## DATA TO EXAMINE
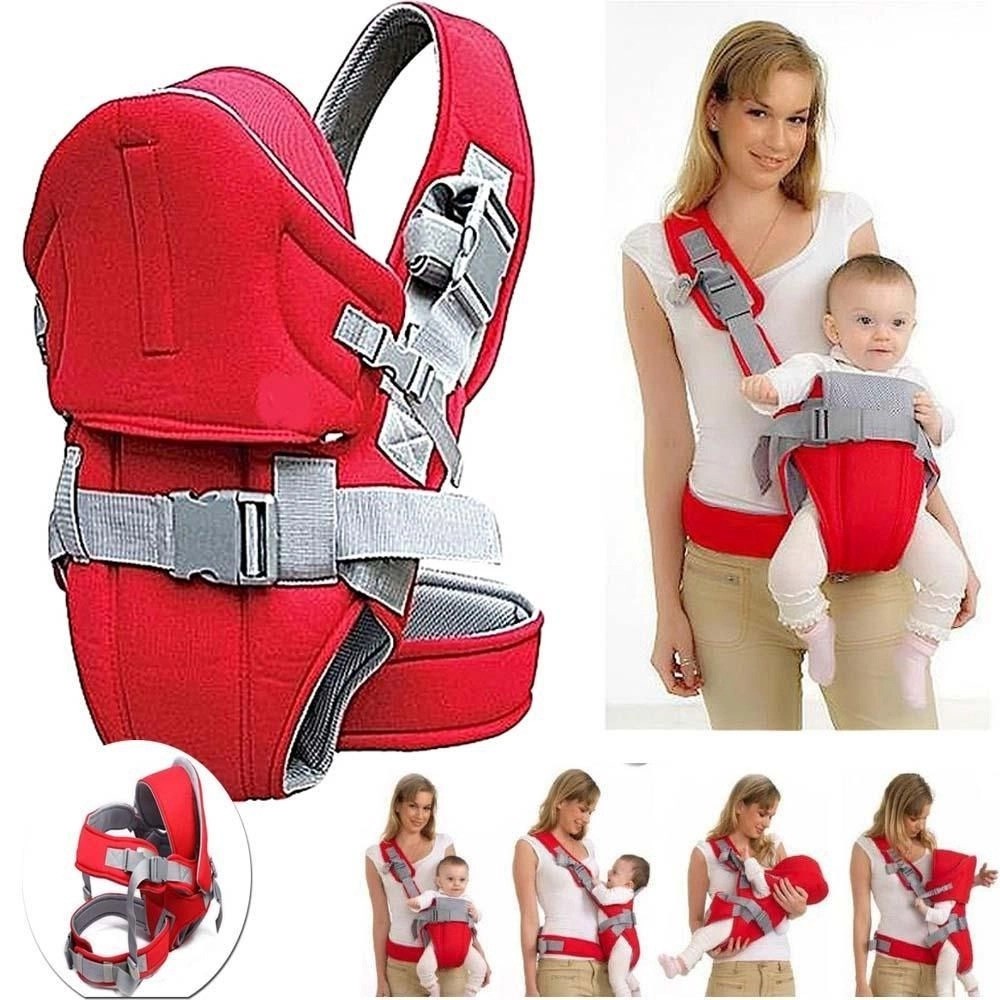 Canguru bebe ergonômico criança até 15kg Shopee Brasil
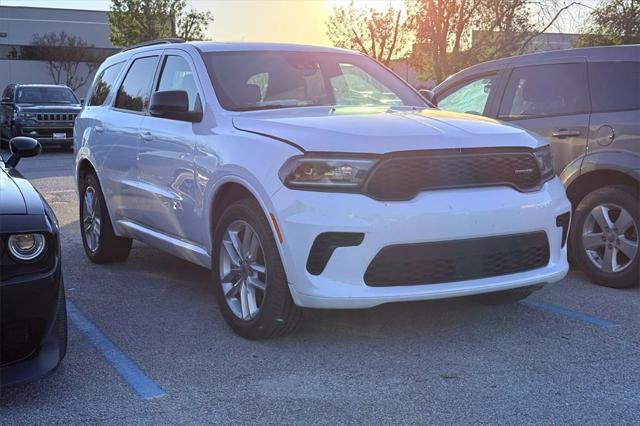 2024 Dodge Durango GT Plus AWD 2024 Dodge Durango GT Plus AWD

--

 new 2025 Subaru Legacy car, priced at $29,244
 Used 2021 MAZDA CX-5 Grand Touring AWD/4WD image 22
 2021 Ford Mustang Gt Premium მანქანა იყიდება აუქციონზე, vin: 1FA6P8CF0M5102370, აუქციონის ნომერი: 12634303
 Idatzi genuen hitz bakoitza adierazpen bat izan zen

## TASK GOAL
With the line that has "2021 Ford Mustang" as the first and the line that has "Idatzi genuen hitz" as the last, repeat exactly that run of lines above and no more.

## WRITTEN RESPONSE
 2021 Ford Mustang Gt Premium მანქანა იყიდება აუქციონზე, vin: 1FA6P8CF0M5102370, აუქციონის ნომერი: 12634303
 Idatzi genuen hitz bakoitza adierazpen bat izan zen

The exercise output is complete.